* [RECORD EXCERPTS]
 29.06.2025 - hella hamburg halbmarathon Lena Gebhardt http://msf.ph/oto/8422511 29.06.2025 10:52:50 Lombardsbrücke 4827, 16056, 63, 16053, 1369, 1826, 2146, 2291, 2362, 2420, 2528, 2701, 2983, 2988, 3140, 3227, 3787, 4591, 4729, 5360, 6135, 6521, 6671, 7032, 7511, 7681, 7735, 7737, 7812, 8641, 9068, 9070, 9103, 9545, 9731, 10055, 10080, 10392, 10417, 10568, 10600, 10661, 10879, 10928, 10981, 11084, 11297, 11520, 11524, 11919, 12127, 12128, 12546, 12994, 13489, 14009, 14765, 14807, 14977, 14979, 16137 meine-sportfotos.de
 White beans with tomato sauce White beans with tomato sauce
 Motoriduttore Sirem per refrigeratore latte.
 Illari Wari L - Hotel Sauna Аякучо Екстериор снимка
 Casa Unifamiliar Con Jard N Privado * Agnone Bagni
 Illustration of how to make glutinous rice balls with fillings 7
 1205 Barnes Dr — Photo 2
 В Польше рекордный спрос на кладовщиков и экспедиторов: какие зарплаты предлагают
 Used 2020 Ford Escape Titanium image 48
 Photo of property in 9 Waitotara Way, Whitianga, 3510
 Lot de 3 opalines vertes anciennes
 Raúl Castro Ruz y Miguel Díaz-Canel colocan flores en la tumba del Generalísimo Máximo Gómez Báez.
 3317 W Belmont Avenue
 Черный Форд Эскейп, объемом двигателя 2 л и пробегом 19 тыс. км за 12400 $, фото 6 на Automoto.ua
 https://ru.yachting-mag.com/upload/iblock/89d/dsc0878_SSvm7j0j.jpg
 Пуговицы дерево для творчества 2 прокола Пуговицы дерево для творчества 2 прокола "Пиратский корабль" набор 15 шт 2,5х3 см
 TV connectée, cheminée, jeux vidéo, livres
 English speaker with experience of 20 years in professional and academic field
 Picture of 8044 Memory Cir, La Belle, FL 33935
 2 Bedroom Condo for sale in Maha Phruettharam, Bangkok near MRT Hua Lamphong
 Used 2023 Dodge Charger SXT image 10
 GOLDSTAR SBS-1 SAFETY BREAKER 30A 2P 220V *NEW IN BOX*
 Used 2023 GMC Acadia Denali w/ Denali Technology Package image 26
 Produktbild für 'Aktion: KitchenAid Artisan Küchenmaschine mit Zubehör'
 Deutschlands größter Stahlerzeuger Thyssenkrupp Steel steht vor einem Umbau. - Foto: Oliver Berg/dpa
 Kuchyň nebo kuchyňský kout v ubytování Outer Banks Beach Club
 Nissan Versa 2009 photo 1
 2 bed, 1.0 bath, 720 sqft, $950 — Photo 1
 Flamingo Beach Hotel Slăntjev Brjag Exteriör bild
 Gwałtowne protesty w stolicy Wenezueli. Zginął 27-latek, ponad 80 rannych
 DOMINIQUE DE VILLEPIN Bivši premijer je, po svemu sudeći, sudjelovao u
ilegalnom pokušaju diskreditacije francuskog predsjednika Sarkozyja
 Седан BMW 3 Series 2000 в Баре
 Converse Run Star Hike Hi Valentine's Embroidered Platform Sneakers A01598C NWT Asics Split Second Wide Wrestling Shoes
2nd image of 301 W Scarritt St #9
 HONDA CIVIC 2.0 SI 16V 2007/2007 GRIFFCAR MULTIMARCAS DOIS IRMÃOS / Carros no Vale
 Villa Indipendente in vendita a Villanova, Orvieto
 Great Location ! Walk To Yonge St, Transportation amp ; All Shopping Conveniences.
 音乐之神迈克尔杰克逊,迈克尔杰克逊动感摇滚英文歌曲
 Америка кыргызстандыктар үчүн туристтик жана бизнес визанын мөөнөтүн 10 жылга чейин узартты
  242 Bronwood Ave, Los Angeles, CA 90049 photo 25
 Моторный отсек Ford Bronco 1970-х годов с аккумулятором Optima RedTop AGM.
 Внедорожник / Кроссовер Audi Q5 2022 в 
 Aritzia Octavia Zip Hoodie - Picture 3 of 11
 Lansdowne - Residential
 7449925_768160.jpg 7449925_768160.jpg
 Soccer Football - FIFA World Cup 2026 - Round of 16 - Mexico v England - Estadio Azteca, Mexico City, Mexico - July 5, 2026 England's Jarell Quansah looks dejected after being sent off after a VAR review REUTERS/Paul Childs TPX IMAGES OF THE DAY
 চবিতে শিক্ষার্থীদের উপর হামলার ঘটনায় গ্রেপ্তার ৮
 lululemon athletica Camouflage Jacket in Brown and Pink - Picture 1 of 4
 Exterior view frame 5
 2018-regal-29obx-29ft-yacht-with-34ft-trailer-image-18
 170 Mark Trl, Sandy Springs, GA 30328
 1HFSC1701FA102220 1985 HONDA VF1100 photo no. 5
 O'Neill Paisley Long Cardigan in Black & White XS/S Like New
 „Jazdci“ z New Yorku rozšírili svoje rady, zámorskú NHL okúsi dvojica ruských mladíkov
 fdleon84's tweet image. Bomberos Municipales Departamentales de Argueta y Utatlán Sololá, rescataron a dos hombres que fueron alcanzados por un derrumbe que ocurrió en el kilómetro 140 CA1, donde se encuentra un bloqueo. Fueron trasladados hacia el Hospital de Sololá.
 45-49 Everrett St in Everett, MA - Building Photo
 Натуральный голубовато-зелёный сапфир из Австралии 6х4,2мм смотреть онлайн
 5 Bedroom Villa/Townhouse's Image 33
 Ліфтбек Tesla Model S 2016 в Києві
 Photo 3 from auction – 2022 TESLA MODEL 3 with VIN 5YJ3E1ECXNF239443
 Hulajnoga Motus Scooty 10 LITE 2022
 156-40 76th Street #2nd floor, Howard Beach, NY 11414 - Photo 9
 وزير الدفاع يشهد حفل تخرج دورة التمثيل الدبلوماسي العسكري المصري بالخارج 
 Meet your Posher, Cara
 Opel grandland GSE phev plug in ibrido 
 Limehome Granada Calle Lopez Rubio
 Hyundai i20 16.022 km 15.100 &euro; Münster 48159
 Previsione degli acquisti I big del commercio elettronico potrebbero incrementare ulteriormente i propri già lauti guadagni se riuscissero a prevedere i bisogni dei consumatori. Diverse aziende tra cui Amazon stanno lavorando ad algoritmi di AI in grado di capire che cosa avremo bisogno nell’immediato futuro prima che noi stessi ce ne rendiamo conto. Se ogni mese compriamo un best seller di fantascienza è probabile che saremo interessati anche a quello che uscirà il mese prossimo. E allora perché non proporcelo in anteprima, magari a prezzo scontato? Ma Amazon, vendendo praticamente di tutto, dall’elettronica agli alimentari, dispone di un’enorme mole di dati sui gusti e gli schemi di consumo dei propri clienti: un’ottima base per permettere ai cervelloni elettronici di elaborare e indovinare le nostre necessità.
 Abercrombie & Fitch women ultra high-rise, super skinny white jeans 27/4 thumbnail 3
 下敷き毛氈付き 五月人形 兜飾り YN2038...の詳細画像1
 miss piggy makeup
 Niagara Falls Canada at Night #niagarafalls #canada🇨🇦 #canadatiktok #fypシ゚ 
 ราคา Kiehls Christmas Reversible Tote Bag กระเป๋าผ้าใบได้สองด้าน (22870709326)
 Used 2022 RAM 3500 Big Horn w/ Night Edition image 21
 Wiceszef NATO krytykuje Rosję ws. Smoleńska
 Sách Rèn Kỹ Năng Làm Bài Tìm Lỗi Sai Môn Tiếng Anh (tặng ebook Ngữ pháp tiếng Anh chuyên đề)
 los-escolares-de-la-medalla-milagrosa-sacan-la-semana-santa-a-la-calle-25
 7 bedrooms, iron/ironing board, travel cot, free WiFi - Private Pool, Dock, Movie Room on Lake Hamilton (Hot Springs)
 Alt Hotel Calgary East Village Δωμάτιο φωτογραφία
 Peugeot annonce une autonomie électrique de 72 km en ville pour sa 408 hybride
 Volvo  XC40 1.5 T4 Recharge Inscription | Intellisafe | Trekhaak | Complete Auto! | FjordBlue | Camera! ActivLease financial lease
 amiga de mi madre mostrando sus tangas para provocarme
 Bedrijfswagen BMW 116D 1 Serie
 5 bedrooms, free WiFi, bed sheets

* [INSTRUCTIONS TO FOLLOW] Set down again, word for word, the stretch of records from the line with "Aritzia Octavia Zip Hoodie - Picture 3 of 11" to the line with "7449925_768160.jpg 7449925_768160.jpg", both of those lines included.

* [EXERCISE SOLUTION]
 Aritzia Octavia Zip Hoodie - Picture 3 of 11
 Lansdowne - Residential
 7449925_768160.jpg 7449925_768160.jpg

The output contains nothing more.